■ Your assignment
Could you transcribe every record below exactly, leaving out any pictures?

-------- Study material --------

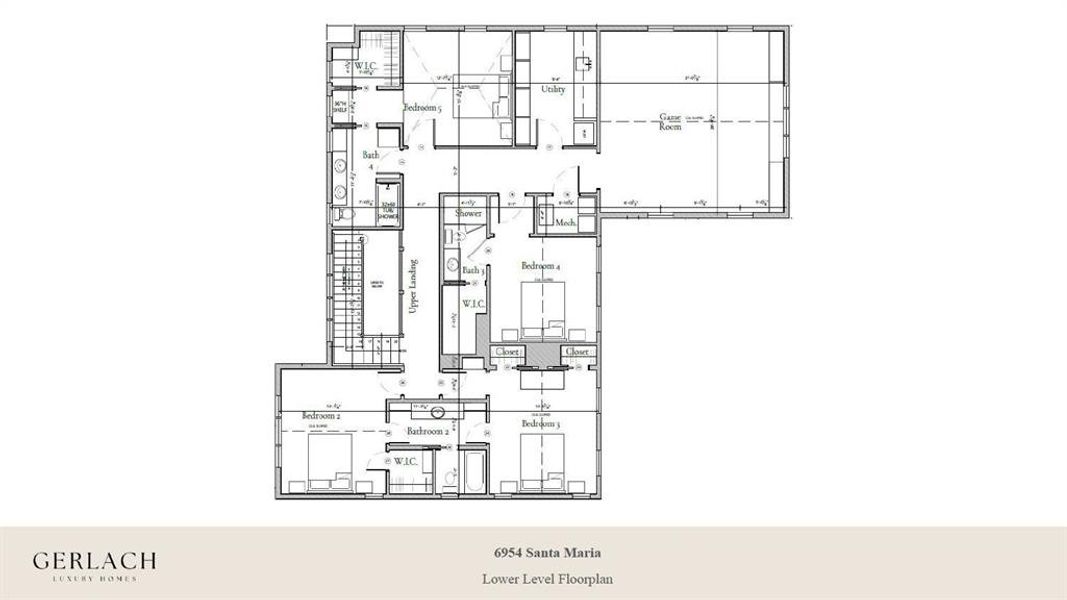 2nd Level Floorplan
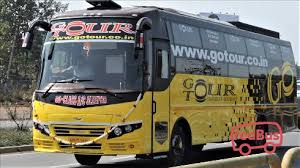 Go Tour Travels And Holidays Online Bus Ticket Booking Bus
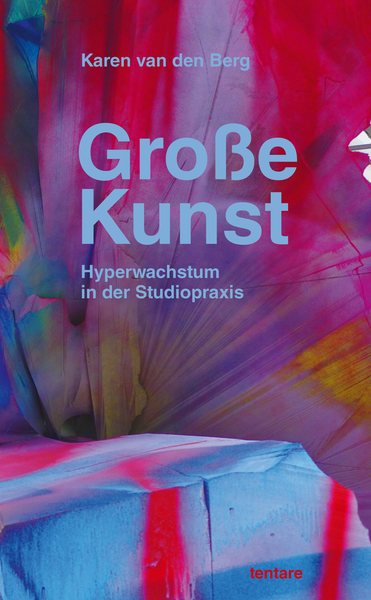 Karen van den Berg: Große Kunst – Cover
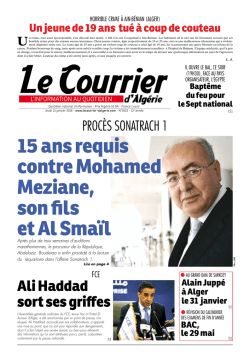 Télécharger l`édition du jour en pdf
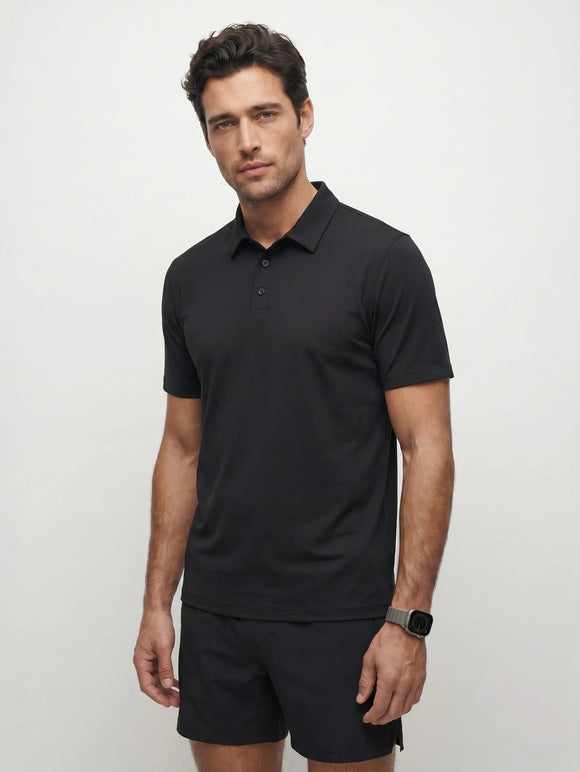 BVM TP POL 002 BLK 03 half body front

--------

■ Answer
 2nd Level Floorplan
 Go Tour Travels And Holidays Online Bus Ticket Booking Bus
 Karen van den Berg: Große Kunst – Cover
 Télécharger l`édition du jour en pdf
 BVM TP POL 002 BLK 03 half body front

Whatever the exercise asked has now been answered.